With this broad and clear picture of reality, a project manager can then devise and execute work that best aligns with the real needs of the project. I.e., Commitment to pursuing what is best with eyes wide open poises you to CHOOSE tasks and approaches that actually benefit the project as a whole. This may be obvious, but the words of Zig Ziglar come to mind, “If you aim at nothing, you will hit it every time.”

For a solution or task to be realistically practical, it must have the end in mind. “We’ll fix/stabilize/document it later; just get it done” is a typical kind of “practical" answer when deadlines stare us in the face. It feels practical, but often only kicks problems down the road a few feet, or worse, sabotages project goals. The truly practical generates near term action that fosters the long-term success of the project.

Real world example

An ugly reality faced me when handed a large, failing enterprise implementation program a few years ago. Saving the program started with a brutally honest assessment within AND around the project. Assertive, creative, and sometimes even odd changes to project tasking, resourcing, communication, tracking, and governance followed. The changes assumed we COULD succeed, and fit the corporate culture and its pressures, the program staff and resources, and my strengths and weaknesses as a leader. Reality! This, along with highly proactive risk mitigation, cleared the path for getting the program back on track.

The result? The program SLOWLY began to gain traction. I avoided trying to make everything happen at once.

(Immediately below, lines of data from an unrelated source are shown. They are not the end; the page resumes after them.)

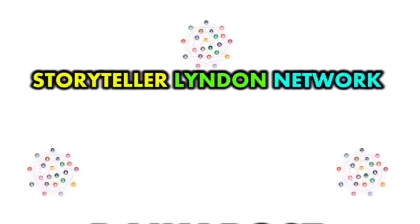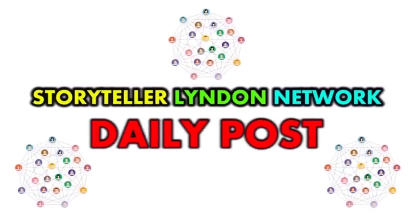Storyteller, London Network, Daily Post.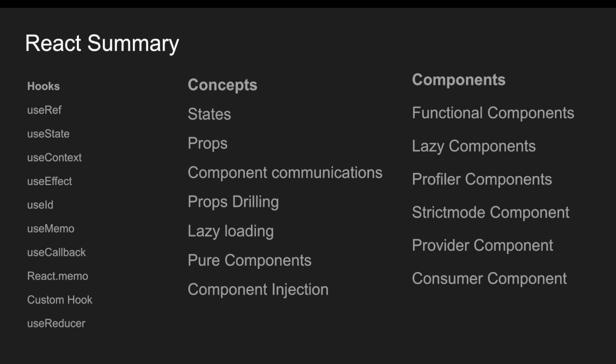Context, effects, useID, memos, callbacks, memo that is React.memo for a functional component. And we have created a custom hook and also we spoke about the reducers. So all these hooks has been covered in this series. And coming to the concepts I have covered states, props, component communication, what is props drilling.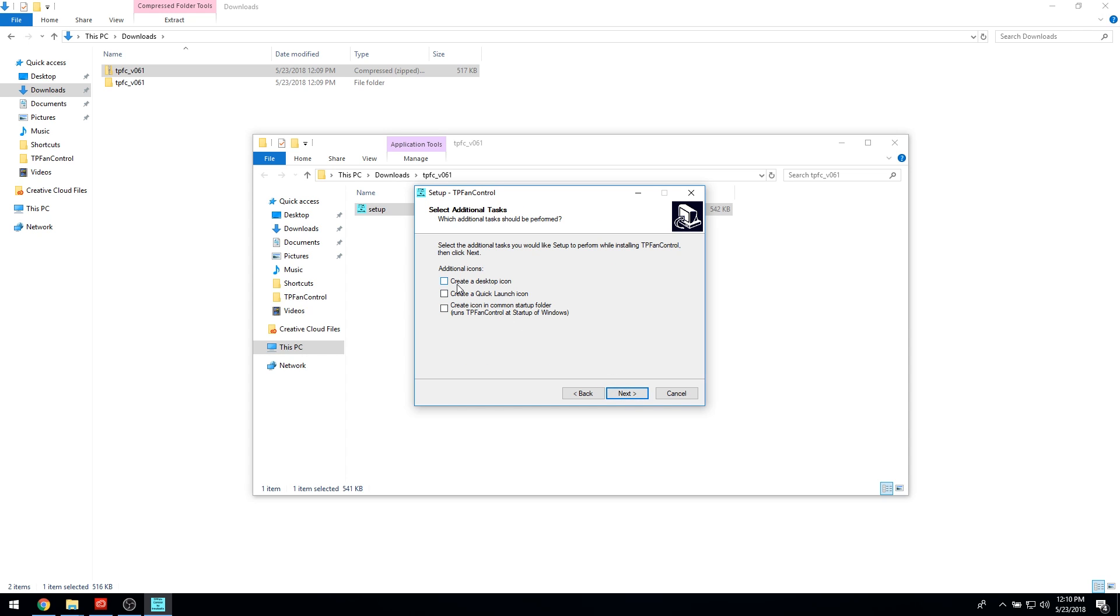When installing TP Fan Control, be sure to check the box labeled Create an Icon in the Common Startup folder.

It would have only bred more frustration and reactiveness. It took a few months to go from RED to YELLOW. The project finally turned GREEN two months before go live. What looked impossible a year earlier ended up being a highly successful program that launched on time!

Over the years, people have accused me of being overly optimistic or pessimistic -- often by different people in the same project! I now consider that a compliment. It probably means I’m doing a decent job of living in the real world.

Are you REALLY living in reality with your projects? What lures you out of reality? Fear of failure? Financial pressures? Toxic work relationships/cultures? Blind adherence to inadequate processes? Hmmm…sounds like fodder for a future post.